Whether the state’s attorney-general elect David Sunday (R) will heed that warning remains to be seen. The prosecutor in the York County District Attorney’s Office has shared little with the public about his stance on climate change.
That’s a contrast to outgoing Attorney General Josh Shapiro, a former contender for Kamala Harris’s presidential running mate. Although environmentalists criticized him for courting fossil fuel interests, he stood against fracking. Shapiro had also joined with other state attorneys general in climate-related lawsuits.
Sunday’s opponent, state Auditor General Eugene DePasquale (D), supported climate policies and prioritized environmental justice. At the same time, he rejected supporting Bucks County’s effort to sue the oil and gas industry to pay for problems created by climate change.
Cruz retains Senate seat in Texas
Senate Republican incumbent Ted Cruz won his third term, beating Democratic Rep. Colin Allred.
Cruz received more donations from the oil and gas industry than any other politicians besides Donald Trump, the biggest recipient followed by Vice President Kamala Harris. The senator’s haul was $922,776 from Big Oil in 2023 and 2024, according to Open Secrets.
Along party lines, Cruz voted against the IRA. He has called carbon dioxide “good for plant life.”
Cruz sits on the Committee on Commerce, Science, & Transportation; the Committee on Foreign Relations and Committee on the Judiciary.
Republican Scott Perry keeps seat in Pennsylvania’s 10th Congressional District
Rep. Scott Perry (R), who denies climate change and seeks to undo parts of the IRA, will retain the House seat for the 10th Congressional district in south-central Pennsylvania.
The League of Conservation Voters awarded Perry a 0 percent score for 2023. The incumbent made misleading claims in October related to the Biden administration’s climate policies, according to Climate Power. For example, he falsely claimed that the administration opposed clean energy production despite having voted himself against the federal clean energy plan that created 334,565 jobs in two years.
By contrast, Perry’s challenger, Emmy Award-winning TV anchor and Democrat Janelle Stelson, supported climate legislation and efforts to increase clean energy.
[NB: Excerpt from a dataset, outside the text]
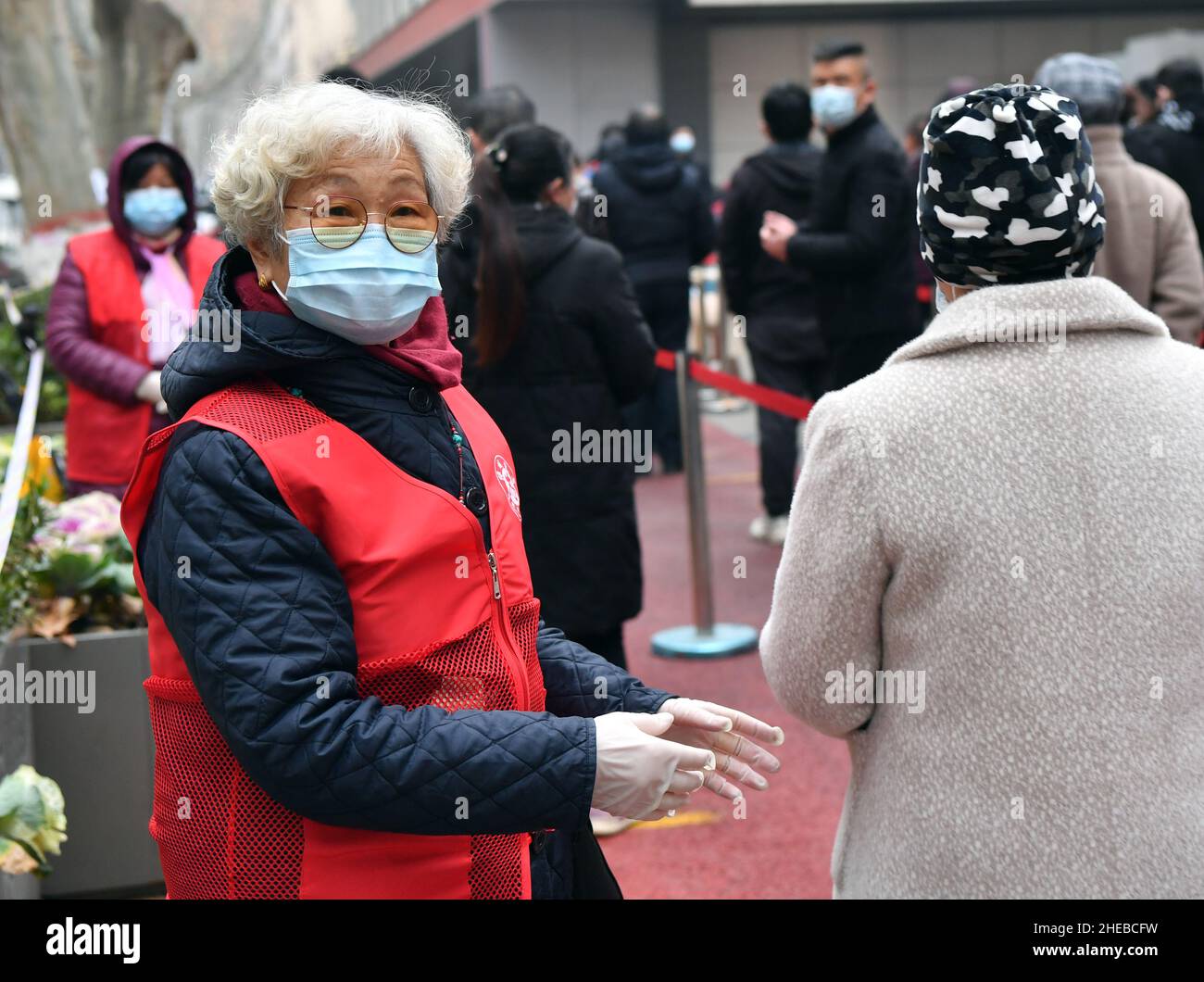 (220110) -- ZHENGZHOU, 10. Januar 2022 (Xinhua) -- der 75-jährige Freiwillige Geng Xiaodi führt Menschen an, sich für COVID-19-Tests an einem Testgelände in Zhengzhou, der zentralchinesischen Provinz Henan, am 7. Januar 2022 zu stellen. Die Stadt hat Rundgänge mit umfassenden Nukleinsäuretests durchgeführt, um die Ausbreitung von COVID-19 einzudämmen. (Xinhua/Li Jianan) Stockfoto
Perry formerly chaired the conservative House Freedom Caucus. He also supported Trump’s efforts to overturn the results of the 2020 presidential contest.
Arizona: The Arizona Corporate Commission
The future of renewable energy in the Grand Canyon State appears to be dimming. Three Democrats running for three of the five open seats on the Arizona Corporate Commission (ACC) are running behind their Republican counterparts.
The ACC regulates the state’s utilities. Its powers include greenlighting power plants, shaping the profit margins of water and power utilities and determining the maintenance and build out of the energy grid.
The Republican candidates, Rachel Walden, Rene Lopez and incumbent Lea Marquez-Peterson, won the election.
In the past year, with only one Democrat member, the ACC rammed through a pair of natural gas power plants without public comment, demanded additional fees for customers with solar panels, and hollowed out support for communities transitioning away from coal plant closures.
Walden shares pro-fossil fuel industry conspiracy theories. “I think that green energy is a deep state issue, I really do,” she said on a podcast in January. Sitting Commissioners Kevin Thompson and Nick Myers backed Walden.
“When it comes to mitigating climate change … the corporation commission plays a huge role in that,” said Emily Doerfler, a clean energy lawyer, told Inside Climate News.
UPDATED: This story was updated to include the latest election developments.